=== Work item ===
Repeat, word for word and with nothing added, each line from the one containing "Návod k obsluze Sport ČZ 250" to the final line of the data, keeping both ends. Pictures are not part of the copy.

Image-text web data
● ● ●

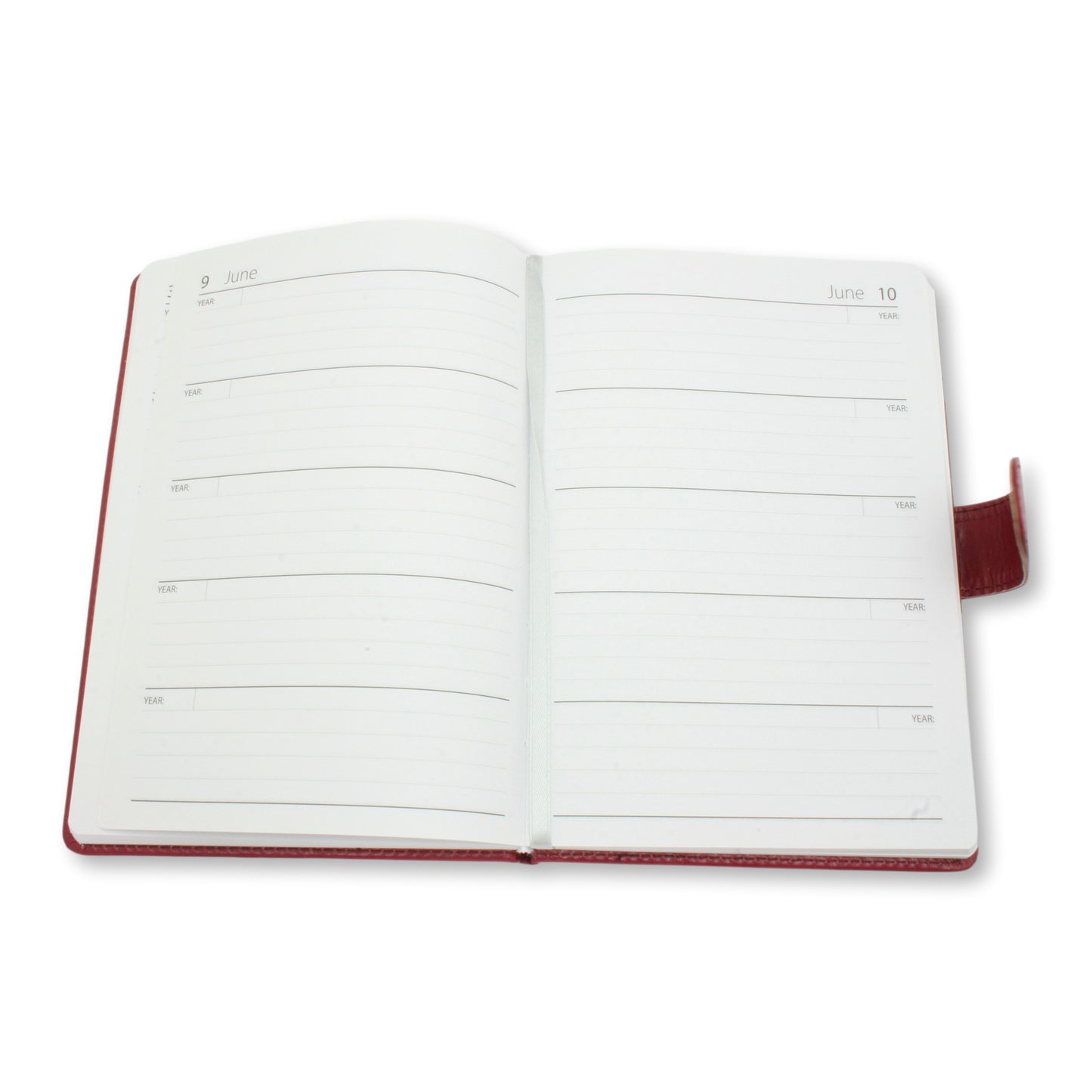 5 year diary open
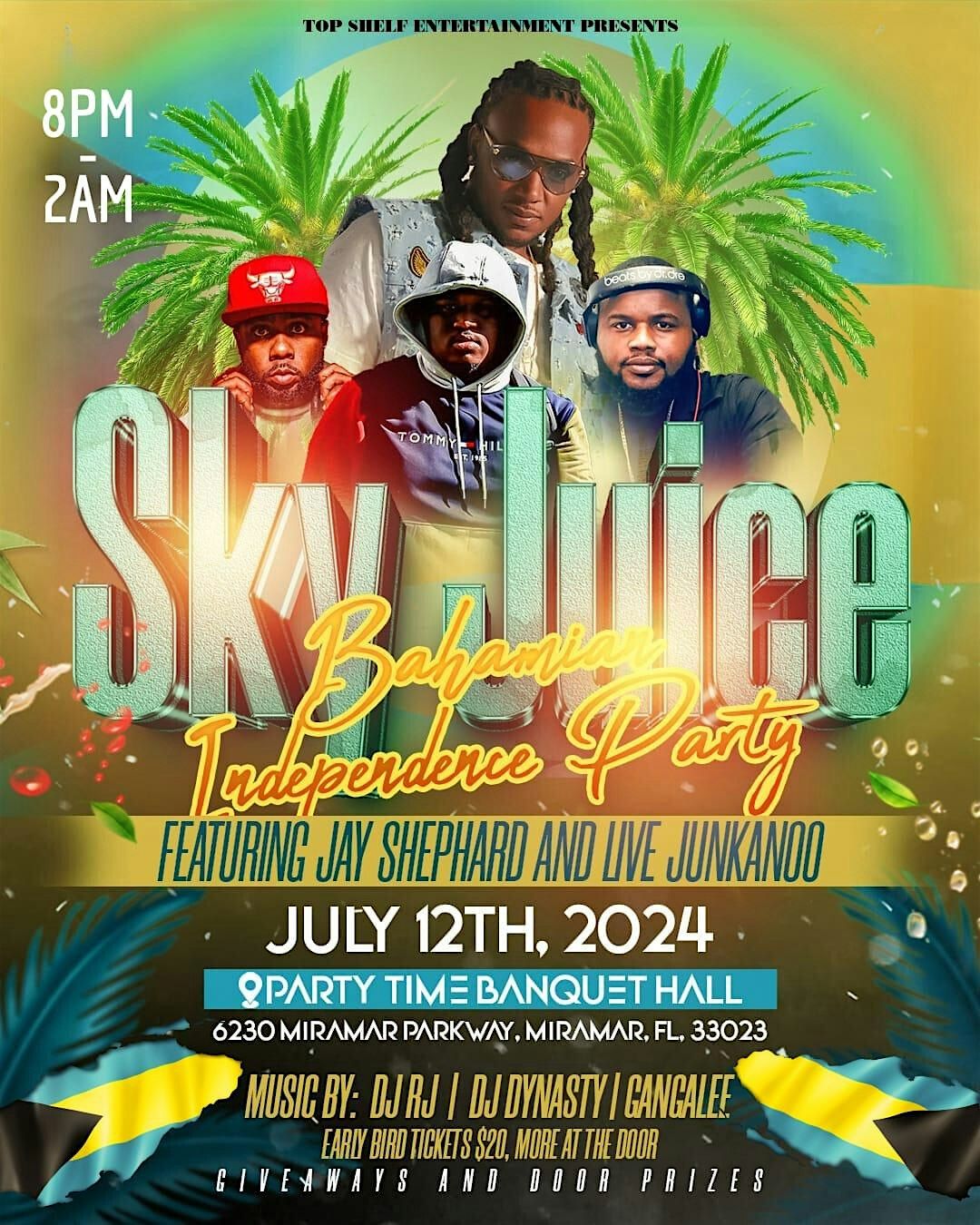 Sky Juice - Bahamian Independence party
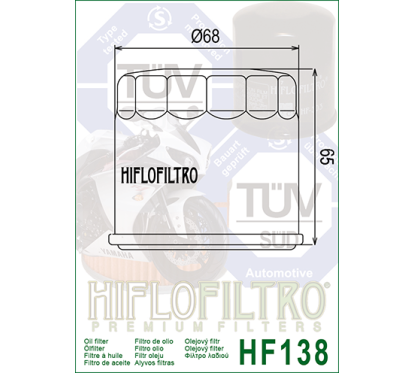 HIFLO filtr oleju HF138
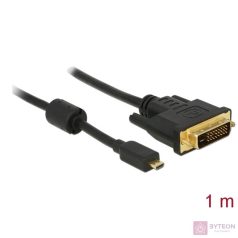   Delock HDMI micro D -> DVI-D M/M video jelkábel 1m fekete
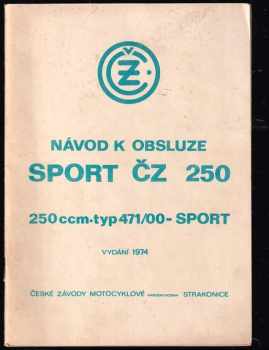 Návod k obsluze Sport ČZ 250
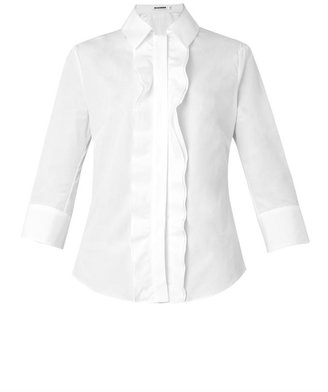 Jil Sander Susan ruffle-trim cotton shirt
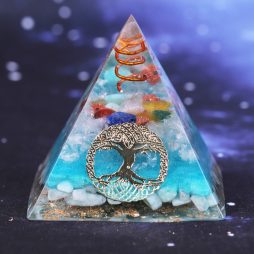 7 Chakra Crystal Orgone Pyramid Meditation Stone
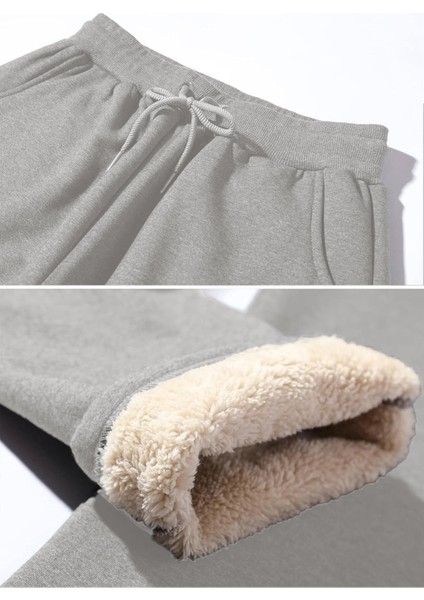 Erkek Ultra Termal Kışlık Sherpa Astarlı Aktif Koşu Normal Paça Jogger Eşofman Altı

● ● ●

=== Written response ===
 Návod k obsluze Sport ČZ 250
 Jil Sander Susan ruffle-trim cotton shirt
 7 Chakra Crystal Orgone Pyramid Meditation Stone
 Erkek Ultra Termal Kışlık Sherpa Astarlı Aktif Koşu Normal Paça Jogger Eşofman Altı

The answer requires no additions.